I guess you got full control over your domain and servers. You'll probably change the proxy to point to another host. At the moment I have no idea how things are organised behind the scenes here. I don't know if it has load balancing or not, wether there is a possibility for continuous deployment/integration etc. I don't think so but we'll have to see. Maybe we don't control the proxy, I have no experience with cloudflare.


----------



## Robert Porter (Aug 29, 2017)

Cloudflare has exactly the necessary tools and utilities for what I outlined. But no we don't redirect via a proxy. The public IP is homed to a load balancing cluster. The actual server IP's are private so we just redirect the public IP to a different internal IP via the hosting services control panel. Pretty basic functionality for any hosting company utilizing virtual hosts which is over 90% of the market. The nice thing is since we are not messing with a proxy, or worse, DNS, the changes are instantaneous with no need to wait for addresses to update across the network. It is also rather inexpensive. We host several well trafficked sites on 2 clusters. All for less than 400USD a year. And the smallest sites generate a lot more traffic and disk utilization than a site like this. Unfortunately the hosting market is full of shysters that charge an arm and a leg for services like that. You really have to pay attention to the fine print. "Unlimited" rarely truly means what you and I would think it does.


----------



## Marcel (Aug 29, 2017)

The redirection, isn't that what you would do with for instance a nginx proxy up front? Outside IP goes to the proxy, which redirects the adres to a server behind it. I usually work with a bunch of dockers behind an nginx proxy on AWS. Changes are pretty much instantaneous, so sounds a lot like what you describe here.
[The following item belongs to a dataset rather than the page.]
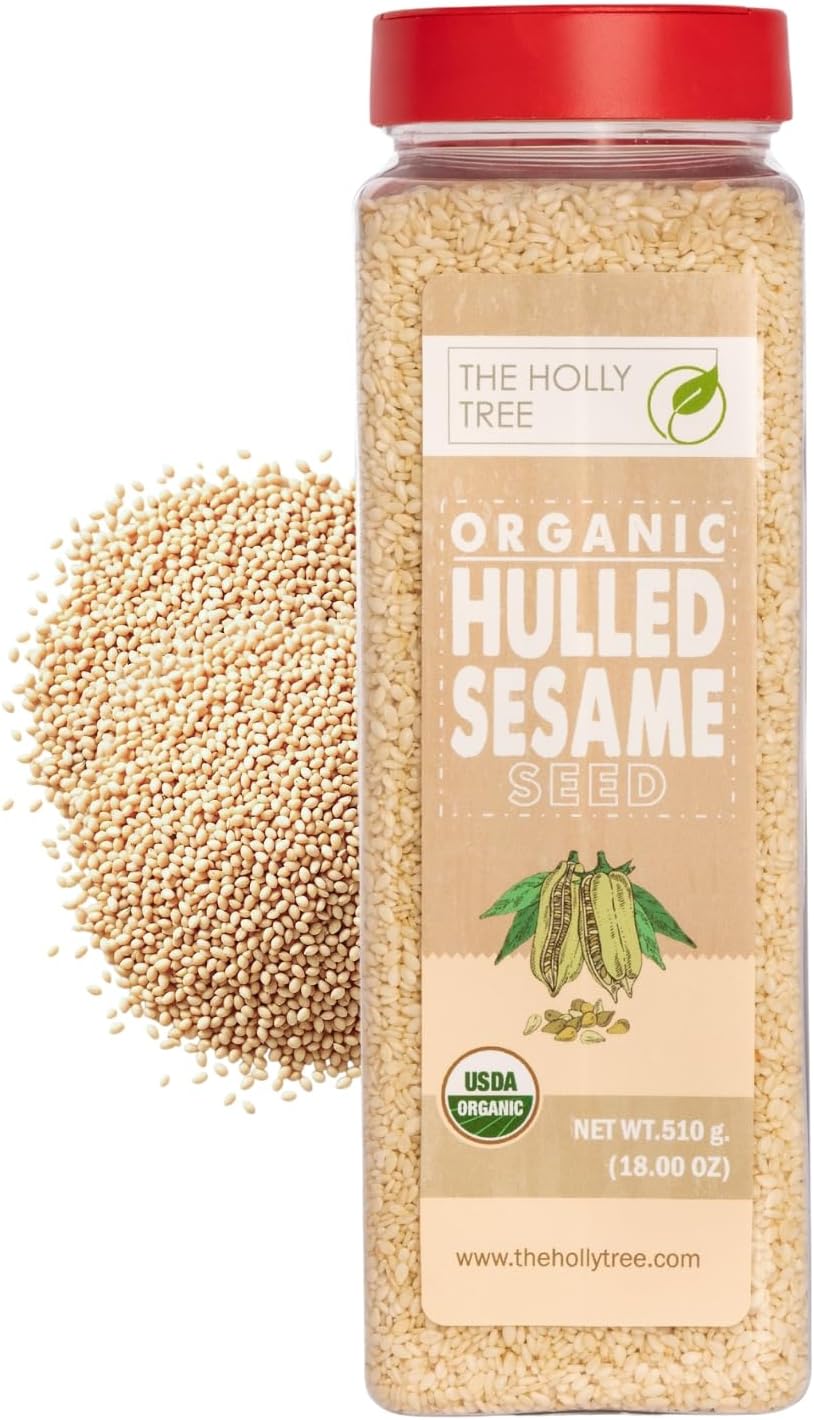 Organic Hulled Sesame Seeds 18 oz - White Sesame Seeds Organic - For Cooking, Baking and Garnishing - USDA Organic, Gluten-Free, Non-GMO - The Holly Tree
Like you, we don't have to touch the DNS. I guess what you do on the panel could be changing the port forewarding, then you don't touch the proxy, but just point to another proxy. I myself never saw a hosting here in the NL that allowed you to do that for a relatively cheap price, apart from AWS that is. But as I said, I don't have experience with cloudflare and what they do.
But I'm not sure what is used here. Most consumers hosting don't have a fine control like that, usually they just only allow you to ftp code to the cgi folder and set up a couple of databases on one server.


----------



## mikewint (Aug 29, 2017)

Robert, Δεν ήξερα ότι μιλήσατε ελληνικά


----------



## Robert Porter (Aug 29, 2017)

mikewint said:


> Robert, Δεν ήξερα ότι μιλήσατε ελληνικά


It's all greek to me?

Reactions: Funny Funny:
1 | Like List reactions


----------



## Robert Porter (Aug 29, 2017)

Marcel said:


> The redirection, isn't that what you would do with for instance a nginx proxy up front? Outside IP goes to the proxy, which redirects the adres to a server behind it. I usually work with a bunch of dockers behind an nginx proxy on AWS. Changes are pretty much instantaneous, so sounds a lot like what you describe here. Like you, we don't have to touch the DNS. I guess what you do on the panel could be changing the port forewarding, then you don't touch the proxy, but just point to another proxy. I myself never saw a hosting here in the NL that allowed you to do that for a relatively cheap price, apart from AWS that is. But as I said, I don't have experience with cloudflare and what they do.
> But I'm not sure what is used here. Most consumers hosting don't have a fine control like that, usually they just only allow you to ftp code to the cgi folder and set up a couple of databases on one server.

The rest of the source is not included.